Data alignment! It was fun wasn't it? A direct consequence of this sort of alignment of data in C (and C++) is the way in which compound data types like structs are given memory. Remember how C likes its variables to be stored at memory addresses that are a multiple of their size? Well C doesn't discriminate, the same rule applies to structs. So if a struct is of size S, then any instance of this struct will be stored at an address that is a multiple of S. This is very intuitive as you already know why this is required. The issue is the fact that since a struct is a compound data type, its size can be any arbitrary number of bytes depending on what variables it holds as members. The whole alignment thing works only because the data types were allowed to have certain convenient sizes i.e. 2, 4, 8 ... This means that if structs are allowed to have any arbitrary size then aligning them according to their size will make arbitrary sense (i.e. it will work well sometimes and sometimes it will seem stupid).
Hence it is imperative that the compiler do something to make sure that the structs also end up getting convenient sizes i.e. multiples of 4. The rule that C has to ensure this is rather simple, The size of the struct is always made to be a multiple of the size of the biggest member of the struct.
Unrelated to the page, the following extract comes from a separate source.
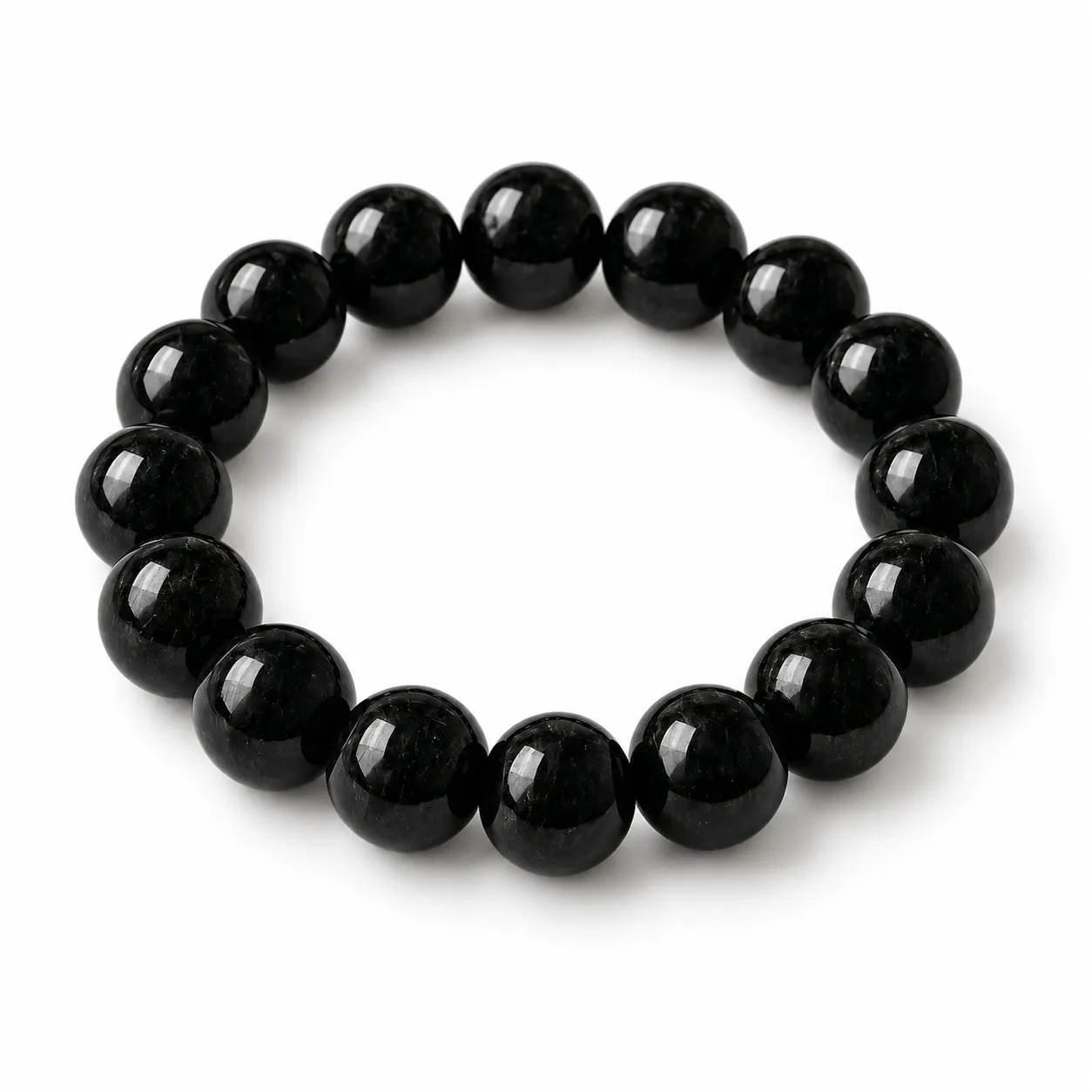 Natural Black Tourmaline Crystal Bracelet for Men & Women Online Natural Black Tourmaline Crystal Bracelet for men and women featuring polished black round gemstone beads in 8mm and 10mm sizes with a stretchable design.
In the example above, the struct something has int i as its biggest member with size 4, so the struct size will also be a multiple of that. How does the compiler achieve this? By using structure packing.
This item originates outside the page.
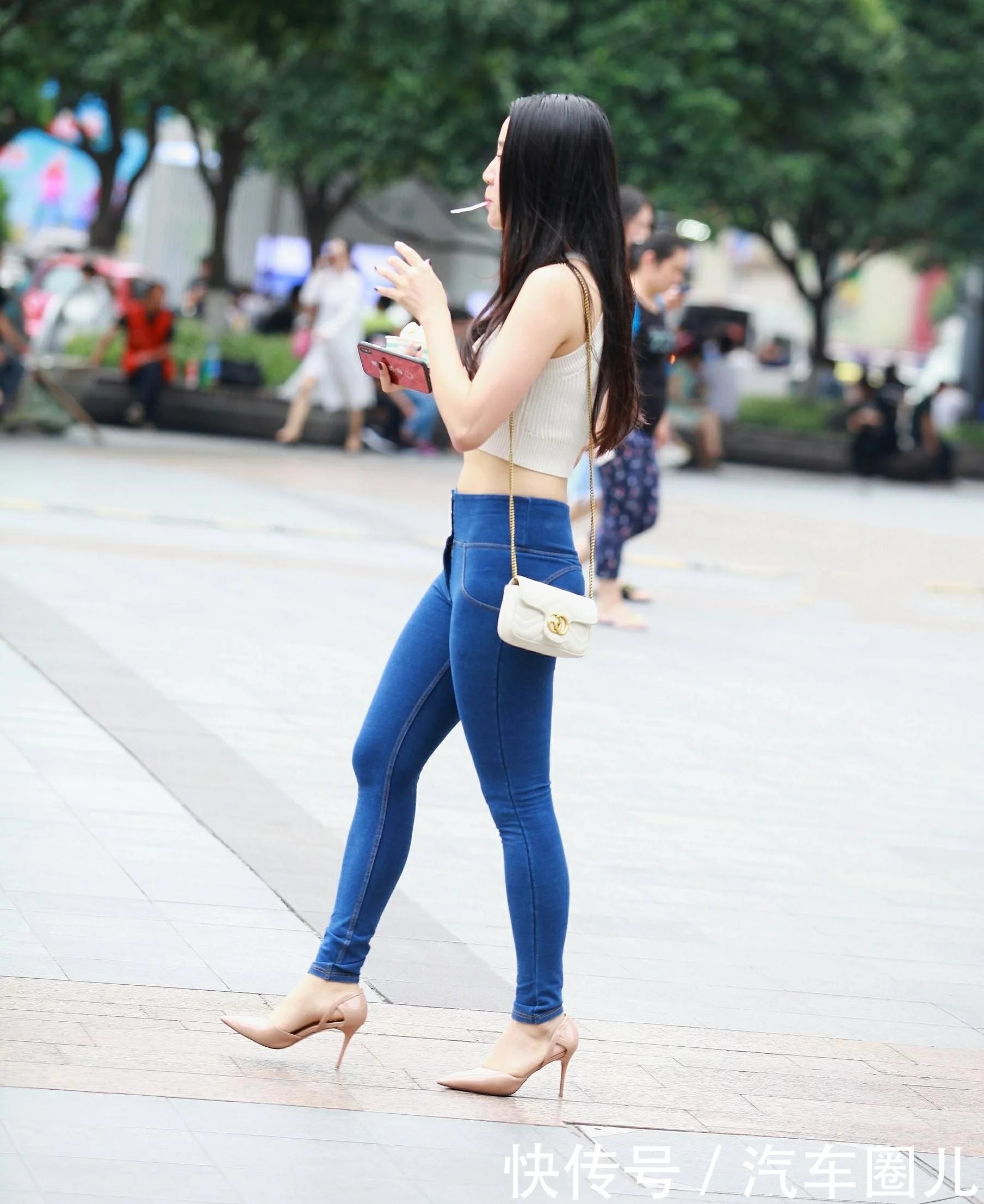 气质小姐姐紧身牛仔裤搭配大气十足，嘴里含着小勺子尽显可爱呆萌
To understand this, you need to be introduced with some nomenclature. X from now on is the size of the biggest member of the struct. Boundary refers to any multiple of X following the address where the struct memory begins. So some struct object begins its memory at 20 and X is 8 for that struct, then the boundaries are: 28, 36, 44, and so on.
Structure packing is a technique (or a policy) in which if adding a new member of the structure to memory crosses any boundary in the struct, then before adding that member, the leading (proceeding) bits are left as padding and the new member is made to start immediately after the said boundary ends. Finally if after allocating memory to all members in this way, the struct is shy of the next boundary by a few bytes, then those bytes are also used as padding just to make the structure a direct multiple of X and end always end up on the boundary exactly.
Consider the first example of the struct something. The value of X is 4 (size of int i, the biggest member of the struct). Adding the first member of the struct, char c crosses no boundaries and the size of struct reaches 1 (which is the size of char). Then comes the turn of int i. int i is 4 bytes in size, adding it to the memory of struct will make the sum 5. This is problematic, int i is crossing the boundary of the first multiple of 4 i.e. 4. In this case the compiler will decide to allocate 4 bytes to int i starting from byte number 5 only and the bytes in between (2, 3, 4) will be used as padding. So int i will start from 5 and will go till 8. The variable left to be added now is short s which is 2 bytes in size. Adding it to 8 does not cross any boundaries so no proceeding padding is needed. But since the final outcome comes at the total of 10, an extra two bytes are padded just to make the size be 12 i.e. a multiple of 4. This way the final size comes out to be 12 bytes, out which 7 bytes are the variables and 5 bytes are just padding. That is some extravagant wastage don't you think?
Now moving onto the second example. The value of X is still 4. The first variable to be added is int i, adding it gets the total to 4. This covers the first boundary entirely. Then comes short s. Adding this takes the total to 6. So far no addition has cost the total to cross any boundaries. Lastly it is required to add char c. c is 1 byte in size. Adding it to the struct makes the total memory equal to 7, which as you may notice still does not cross the next multiple of 4 i.e. 8. Hence so far we are golden, no padding is needed. The only thing left to do is to add one byte of padding in the end to take the total to an even 8. And vola, that is the final size of this struct, with 7 bytes of actual data and a frugal byte for padding.
You see now, how rearranging members can make a difference in size of the struct. One might say that okay saving a few bytes is cool but it isn't very significant. That may be true for moderate size programs on moderate size computers, but if either the program is very big or the computer on which it is to be run is low on memory, then these little alterations can add up to amazing benefits.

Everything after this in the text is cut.